Disclosure of Invention
The invention provides TiO for water treatment, which aims to solve the technical problem that the existing water treatment catalyst is not beneficial to use2-MXene composite catalyst and preparation method thereof.
The embodiment of the invention provides TiO for water treatment2The preparation method of the-MXene composite catalyst comprises the following steps:
s1, mixing MXene and TiO2Mixing according to a preset proportion;
s2, adding water and/or absolute ethyl alcohol, and carrying out ultrasonic treatment and stirring to obtain a mixed solution;
s3, carrying out solvothermal reaction on the mixed solution at a preset temperature, and cooling after the reaction to obtain a sample;
s4, drying the sample in a vacuum environment to obtain TiO2-MXene complex catalyst.
Further, the MXene has a single layer or multiple layers and is nano-sized or micro-sized in size.
Further, the TiO is2The particle size of the (B) is 10-50 nm.
Further, in step S1, TiO2And MXene ratio range 10: 1-4: 1.
further, in step S2, TiO2And the ratio of the mass of MXene to the volume of the mixed solution was 100 mg: (10-100 ml).
Further, in step S2, the volume ratio of the water to the absolute ethyl alcohol is 3: 1-0: 1.
Further, in step S2, the ultrasonic treatment time is 5-30 min, and the stirring time is 5-30 min.
Further, in step S3, the solvothermal reaction time is 1 to 5 hours.
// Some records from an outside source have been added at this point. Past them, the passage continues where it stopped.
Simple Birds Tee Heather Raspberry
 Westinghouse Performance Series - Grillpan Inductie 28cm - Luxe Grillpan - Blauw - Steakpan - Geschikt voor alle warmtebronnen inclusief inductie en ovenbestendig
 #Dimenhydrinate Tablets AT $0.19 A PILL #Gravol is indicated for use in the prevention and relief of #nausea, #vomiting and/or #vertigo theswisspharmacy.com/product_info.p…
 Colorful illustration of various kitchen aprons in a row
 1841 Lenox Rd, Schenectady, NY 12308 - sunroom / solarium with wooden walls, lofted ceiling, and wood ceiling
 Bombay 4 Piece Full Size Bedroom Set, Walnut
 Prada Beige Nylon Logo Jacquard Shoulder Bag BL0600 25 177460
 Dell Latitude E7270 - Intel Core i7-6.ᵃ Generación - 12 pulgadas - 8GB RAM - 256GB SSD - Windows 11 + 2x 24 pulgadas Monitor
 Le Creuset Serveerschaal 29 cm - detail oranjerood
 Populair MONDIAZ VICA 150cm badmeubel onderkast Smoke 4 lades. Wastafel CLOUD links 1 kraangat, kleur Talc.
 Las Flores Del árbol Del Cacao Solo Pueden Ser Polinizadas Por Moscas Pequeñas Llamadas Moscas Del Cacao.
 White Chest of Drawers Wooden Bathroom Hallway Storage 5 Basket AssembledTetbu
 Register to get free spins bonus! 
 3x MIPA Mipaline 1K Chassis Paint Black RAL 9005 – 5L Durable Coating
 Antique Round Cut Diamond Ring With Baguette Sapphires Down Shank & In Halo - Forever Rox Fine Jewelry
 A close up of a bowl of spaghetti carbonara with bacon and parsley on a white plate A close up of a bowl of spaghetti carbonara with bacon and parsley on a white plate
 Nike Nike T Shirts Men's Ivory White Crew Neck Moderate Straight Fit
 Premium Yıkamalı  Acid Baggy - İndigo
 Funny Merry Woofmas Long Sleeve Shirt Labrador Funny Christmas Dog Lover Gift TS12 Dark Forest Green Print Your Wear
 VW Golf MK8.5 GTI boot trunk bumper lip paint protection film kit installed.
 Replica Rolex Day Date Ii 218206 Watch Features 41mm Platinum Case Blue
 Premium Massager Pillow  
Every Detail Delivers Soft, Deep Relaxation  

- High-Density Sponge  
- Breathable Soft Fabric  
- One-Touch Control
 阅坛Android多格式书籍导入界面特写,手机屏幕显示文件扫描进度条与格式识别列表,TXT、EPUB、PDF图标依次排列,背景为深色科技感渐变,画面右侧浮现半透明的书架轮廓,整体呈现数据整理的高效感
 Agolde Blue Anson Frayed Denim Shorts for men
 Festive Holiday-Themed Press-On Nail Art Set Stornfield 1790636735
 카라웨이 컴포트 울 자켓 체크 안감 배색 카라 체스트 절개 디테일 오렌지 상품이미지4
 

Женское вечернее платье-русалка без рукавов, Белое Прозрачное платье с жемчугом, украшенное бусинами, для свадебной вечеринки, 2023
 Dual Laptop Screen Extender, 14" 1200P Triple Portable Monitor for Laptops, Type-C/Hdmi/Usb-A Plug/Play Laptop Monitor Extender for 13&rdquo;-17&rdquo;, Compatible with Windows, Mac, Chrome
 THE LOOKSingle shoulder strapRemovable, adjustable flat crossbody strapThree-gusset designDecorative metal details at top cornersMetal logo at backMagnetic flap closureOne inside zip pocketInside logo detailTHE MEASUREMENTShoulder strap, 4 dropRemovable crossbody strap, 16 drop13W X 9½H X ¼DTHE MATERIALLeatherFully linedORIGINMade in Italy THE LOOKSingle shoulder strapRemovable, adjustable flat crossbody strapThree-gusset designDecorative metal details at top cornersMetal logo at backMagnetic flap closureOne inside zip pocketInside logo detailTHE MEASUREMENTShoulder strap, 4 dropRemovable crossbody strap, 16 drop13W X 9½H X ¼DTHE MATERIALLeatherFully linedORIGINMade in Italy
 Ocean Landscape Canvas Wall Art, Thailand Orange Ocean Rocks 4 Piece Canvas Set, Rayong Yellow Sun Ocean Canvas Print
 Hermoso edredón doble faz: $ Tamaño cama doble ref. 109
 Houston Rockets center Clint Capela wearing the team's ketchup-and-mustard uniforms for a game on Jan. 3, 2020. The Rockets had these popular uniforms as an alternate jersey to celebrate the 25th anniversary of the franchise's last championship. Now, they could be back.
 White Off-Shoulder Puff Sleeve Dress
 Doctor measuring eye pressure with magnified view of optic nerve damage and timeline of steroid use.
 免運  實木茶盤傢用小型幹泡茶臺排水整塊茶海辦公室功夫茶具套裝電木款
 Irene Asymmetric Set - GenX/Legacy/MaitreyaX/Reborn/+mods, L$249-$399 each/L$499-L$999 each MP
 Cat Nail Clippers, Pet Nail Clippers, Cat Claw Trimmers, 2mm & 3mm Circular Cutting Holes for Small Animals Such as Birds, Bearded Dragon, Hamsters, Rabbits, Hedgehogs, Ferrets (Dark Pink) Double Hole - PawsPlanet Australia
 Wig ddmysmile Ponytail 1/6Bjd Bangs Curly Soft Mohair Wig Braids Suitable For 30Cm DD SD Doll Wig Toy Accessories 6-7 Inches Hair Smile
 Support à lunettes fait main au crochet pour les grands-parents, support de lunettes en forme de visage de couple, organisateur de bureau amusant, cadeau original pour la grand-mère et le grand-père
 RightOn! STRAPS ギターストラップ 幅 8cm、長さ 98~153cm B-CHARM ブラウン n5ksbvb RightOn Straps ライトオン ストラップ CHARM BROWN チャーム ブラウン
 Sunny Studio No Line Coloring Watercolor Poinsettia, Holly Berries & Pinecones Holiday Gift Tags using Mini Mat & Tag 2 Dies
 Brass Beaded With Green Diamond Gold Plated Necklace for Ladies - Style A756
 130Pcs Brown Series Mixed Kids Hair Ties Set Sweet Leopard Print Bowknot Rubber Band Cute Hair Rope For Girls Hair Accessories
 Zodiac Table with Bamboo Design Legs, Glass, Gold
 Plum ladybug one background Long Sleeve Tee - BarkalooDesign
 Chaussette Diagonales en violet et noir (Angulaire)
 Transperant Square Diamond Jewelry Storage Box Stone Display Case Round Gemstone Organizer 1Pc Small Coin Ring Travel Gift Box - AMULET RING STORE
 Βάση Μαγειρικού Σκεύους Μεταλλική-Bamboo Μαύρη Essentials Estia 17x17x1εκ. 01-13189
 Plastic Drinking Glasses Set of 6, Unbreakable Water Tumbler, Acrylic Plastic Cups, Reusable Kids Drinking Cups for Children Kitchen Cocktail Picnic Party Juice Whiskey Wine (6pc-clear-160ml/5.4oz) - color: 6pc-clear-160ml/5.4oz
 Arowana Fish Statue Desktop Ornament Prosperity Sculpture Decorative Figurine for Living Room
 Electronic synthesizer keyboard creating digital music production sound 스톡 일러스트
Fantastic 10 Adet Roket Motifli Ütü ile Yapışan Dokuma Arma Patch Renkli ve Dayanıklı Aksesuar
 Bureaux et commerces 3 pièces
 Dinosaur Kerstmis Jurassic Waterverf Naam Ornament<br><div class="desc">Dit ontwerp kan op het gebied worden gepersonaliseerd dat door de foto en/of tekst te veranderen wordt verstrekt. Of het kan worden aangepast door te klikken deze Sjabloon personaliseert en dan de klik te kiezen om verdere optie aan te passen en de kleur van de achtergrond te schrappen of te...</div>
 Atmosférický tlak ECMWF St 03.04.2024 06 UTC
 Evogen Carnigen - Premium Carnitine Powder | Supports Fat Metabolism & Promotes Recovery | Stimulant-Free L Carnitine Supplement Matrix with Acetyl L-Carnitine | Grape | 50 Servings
Further, in step S3, the preset temperature is 100-200 ℃; in step S4, the vacuum drying temperature is 40-80 ℃.
In another aspect, the present invention also provides a TiO for water treatment2-MXene composite catalyst, said TiO for water treatment2the-MXene composite catalyst is prepared by the preparation method.
The invention has the beneficial effects that: the MXene adopted by the invention is a two-dimensional material, the specific surface area is large, and the MXene surface contains a large number of functional groupsElectronegativity, capable of efficiently neutralizing TiO2The TiO is bonded together by electrostatic adsorption and Van der Waals force2Can be stably attached to MXene surface, and inhibit TiO2The contact area between the particles and pollutants is increased, the active sites of the particles are increased, and the photocatalytic efficiency is effectively improved. The specific surface area of the composite catalyst is larger than that of TiO2Greatly improves the reaction efficiency and can further promote the light degradation reaction. In addition, MXene has excellent conductivity and can obviously inhibit nano TiO2The above electron-hole recombination promotes accumulation of electrons, and, TiO2The multilayer structure of the/MXene composite material can provide abundant surface active sites for photocatalysis, can also improve the adsorption effect on methylene blue solution, and the black MXene nanosheet can also improve the utilization efficiency of light, so that the photocatalysis effect of the methylene blue is improved. The preparation method is simple in preparation process, the preparation of the composite catalyst is carried out in water or an absolute ethyl alcohol solvent, no toxic solvent is used, the environment is protected, the amount of the catalyst for degrading the high-concentration methylene blue solution is small, the degradation effect is good, and the production cost and the treatment cost are reduced.
Drawings
FIG. 1 shows TiO obtained in example 1 of the present invention2SEM picture of MXene composite catalyst.
Detailed Description
Reference will now be made in detail to embodiments of the present invention, examples of which are illustrated in the accompanying drawings, wherein like or similar reference numerals refer to the same or similar elements or elements having the same or similar function throughout. The embodiments described below with reference to the drawings are illustrative and intended to be illustrative of the invention and are not to be construed as limiting the invention.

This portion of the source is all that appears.